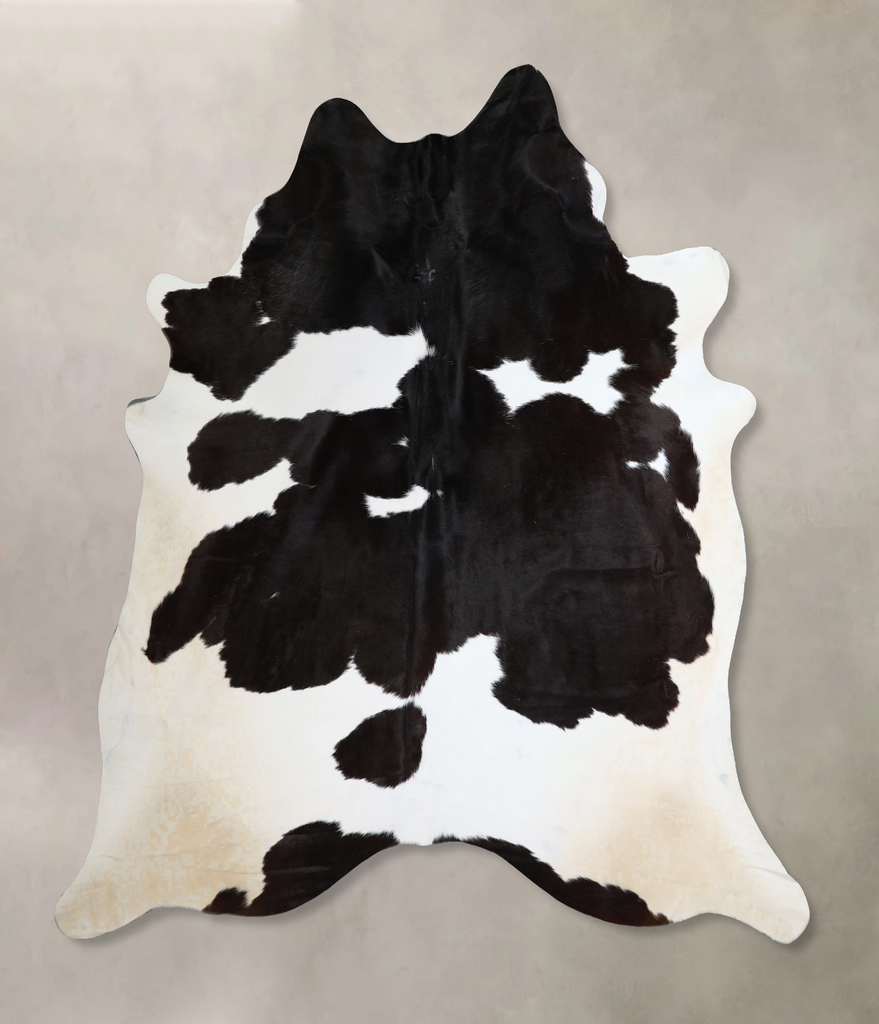 Black and White XX-Large Brazilian Cowhide Rug 7'9"H x 7'0"W #A43733 by Hudson Hides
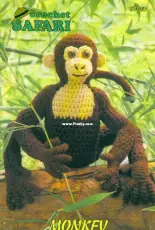 Annie's Attic - Barbara Anderson - 87S67 Crochet Safari - Monkey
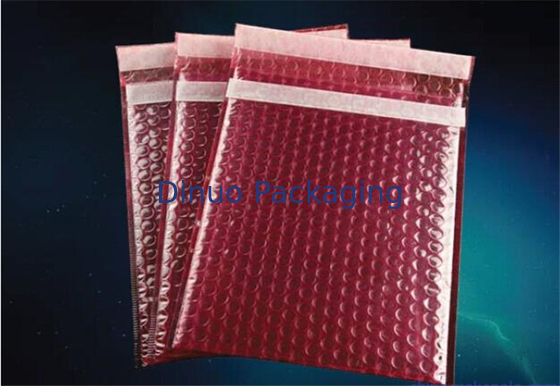 Mailer Poli Gelembung Multifungsi Warna Merah 7.25 "X12" # 1 Ukuran Biodegradable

Task objective: Only the lines from the one containing "Annie's Attic - Barbara" through the final line of the data should be given again, exactly and without pictures.

Written answer:
 Annie's Attic - Barbara Anderson - 87S67 Crochet Safari - Monkey
 Mailer Poli Gelembung Multifungsi Warna Merah 7.25 "X12" # 1 Ukuran Biodegradable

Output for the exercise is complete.